Fills in multiple properties nicely
However, in most cases, specific property values are required. For example, in the example, the id
was generated as a negative number, but in reality, id
is often used as a positive number. There might be a validation logic like this:
init {
require(id > 0) { "id should be positive" }
}
After running the test a few times, if the id
is generated as a negative number, the test fails. The fact that all values are randomly generated makes it particularly useful for finding unexpected edge cases.
Let's maintain the randomness but restrict the range slightly to ensure the validation logic passes.
@RepeatedTest(10)
fun postCondition() {
val fixtureMonkey = FixtureMonkey.builder()
.plugin(KotlinPlugin())
.build()
val actual = fixtureMonkey.giveMeBuilder<Product>()
.setPostCondition { it.id > 0 } // Specify property conditions for the generated object
.sample()
actual.id shouldBeGreaterThan 0
}
I used @RepeatedTest
to run the test 10 times.
You can see that all tests pass.
When using postCondition
, be cautious as setting conditions too narrowly can make object creation costly. This is because the creation is repeated internally until an object that meets the condition is generated. In such cases, it is much better to use setExp
to fix specific values.
val actual = fixtureMonkey.giveMeBuilder<Product>()

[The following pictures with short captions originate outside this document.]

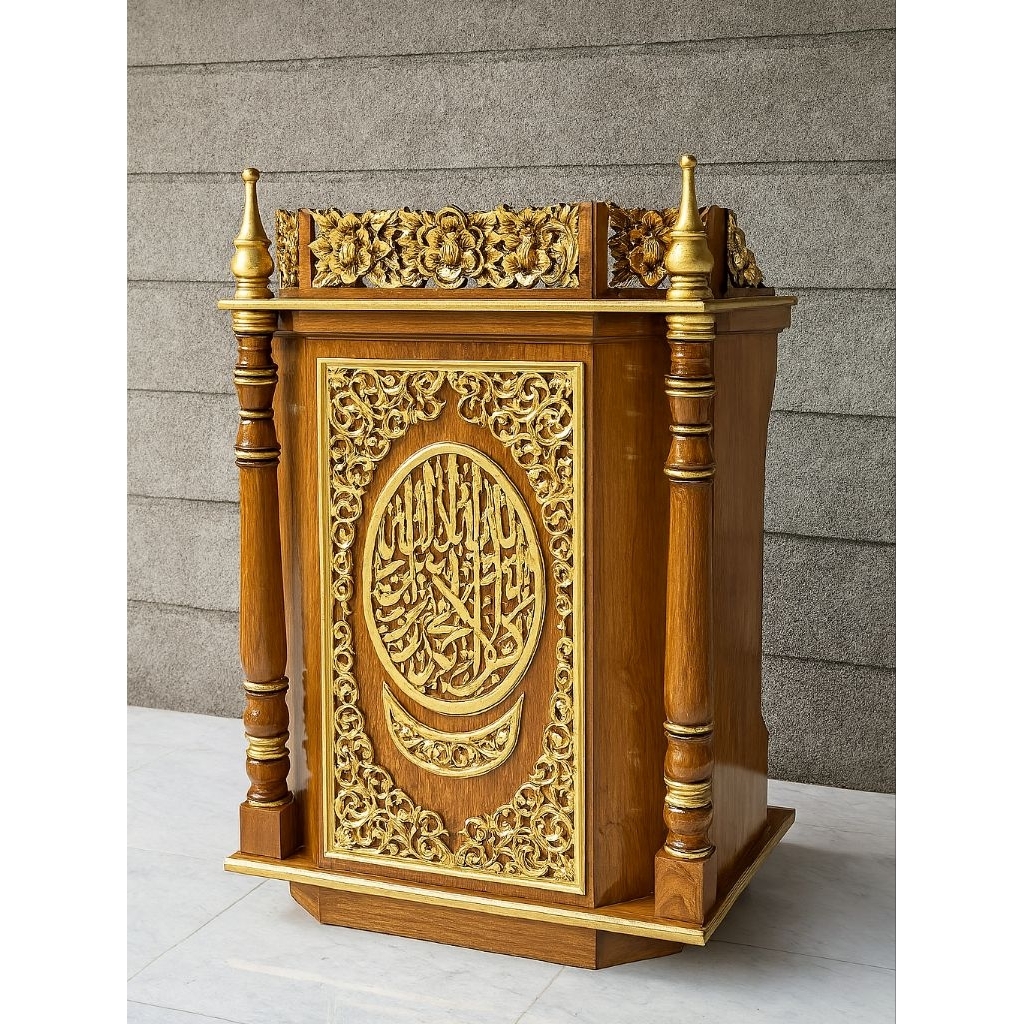 Mimbar Podium Jati + Meja Ngaji Jati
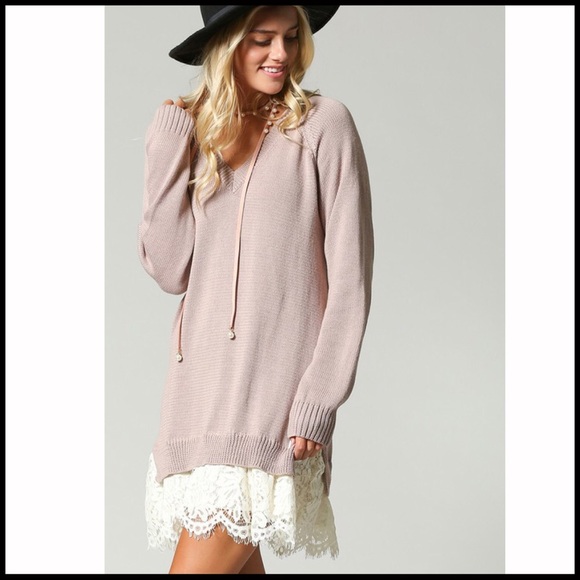 Lace-Edged Sweater Top - Picture 6 of 8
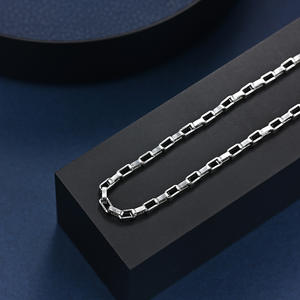 <b>Titanium</b> Steel Box <b>Chain</b> Necklace Long Simple Geometric Design For Men - Product Image 4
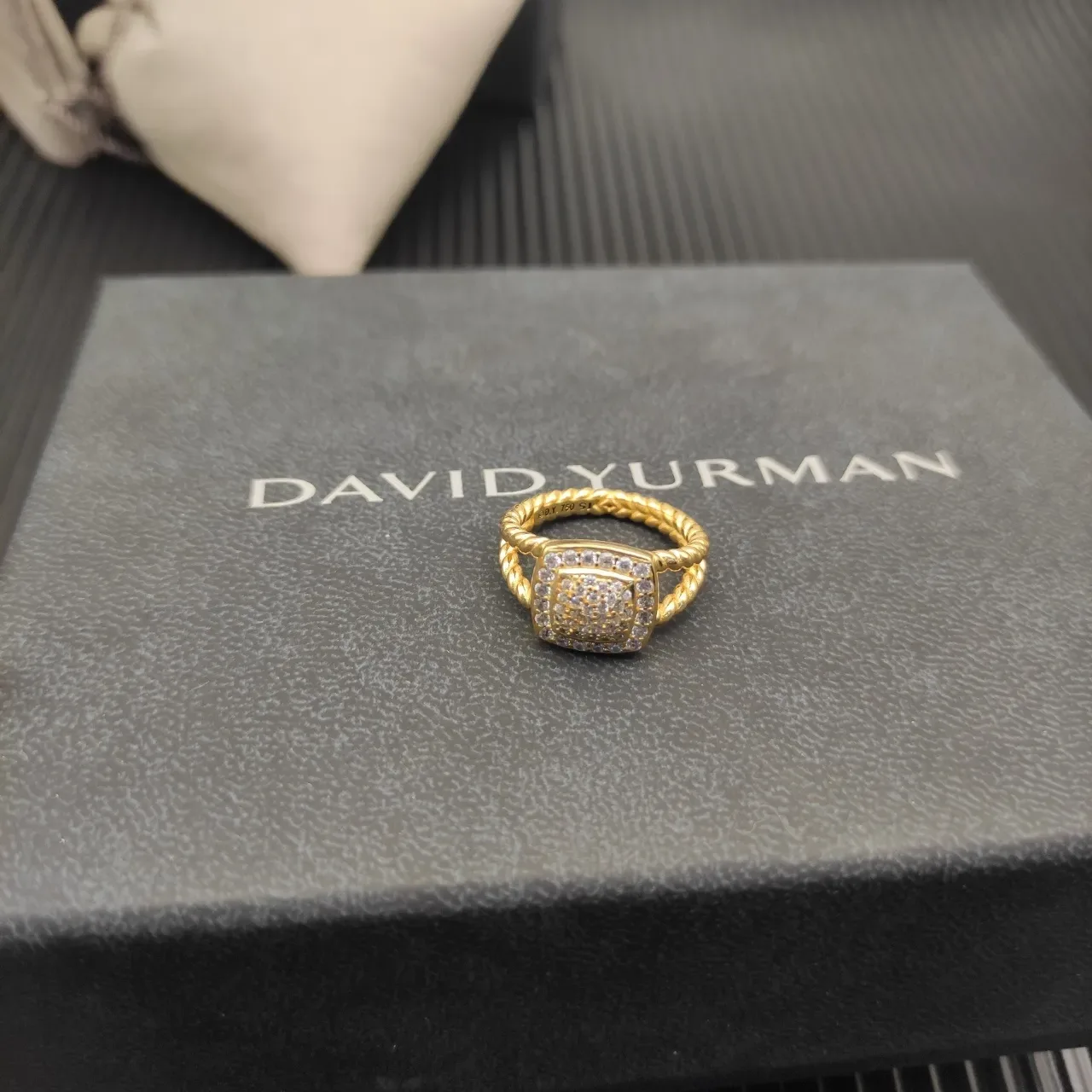 David Yurman Gold White Twisted Cable Band Square Pavé-Set Face Ring 4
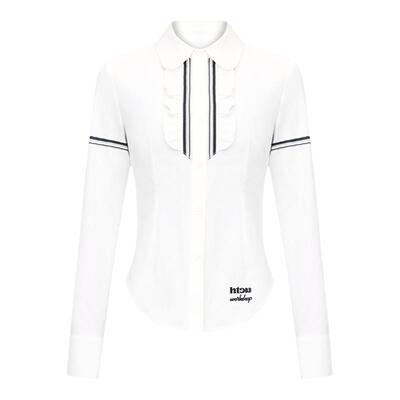 HTCU木耳边收腰衬衫长袖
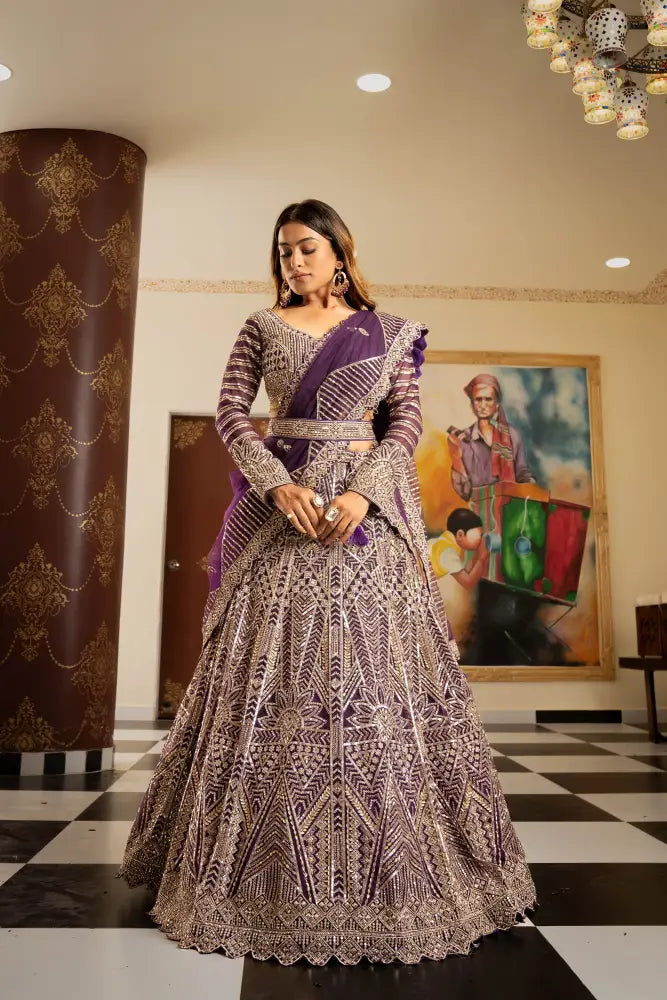 Classic Purple Net Lehenga With Dupatta And Handcrafted Details Lehenga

.setExp(Product::id, 1L) // Only the specified value is fixed, the rest are random
.sample()
actual.id shouldBe 1L
If a property is a collection, you can use sizeExp
to specify the size of the collection.
val actual = fixtureMonkey.giveMeBuilder<Product>()
.sizeExp(Product::options, 3)
.sample()
actual.options.size shouldBe 3
Using maxSize
and minSize
, you can easily set the maximum and minimum size constraints for a collection.
val actual = fixtureMonkey.giveMeBuilder<Product>()
.maxSizeExp(Product::options, 10)
.sample()
actual.options.size shouldBeLessThan 11
There are various other property setting methods available, so I recommend exploring them when needed.
Fixture Monkey really resolves the inconveniences encountered while writing unit tests. Although not mentioned in this article, you can create conditions in the builder and reuse them, add randomness to properties, and help developers discover edge cases they may have missed. As a result, test code becomes very concise, and the need for additional code like Object Mother disappears, making maintenance easier.
Even before the release of Fixture Monkey 1.x, I found it very helpful in writing test code. Now that it has become a stable version, I hope you can introduce it without hesitation and enjoy writing test code.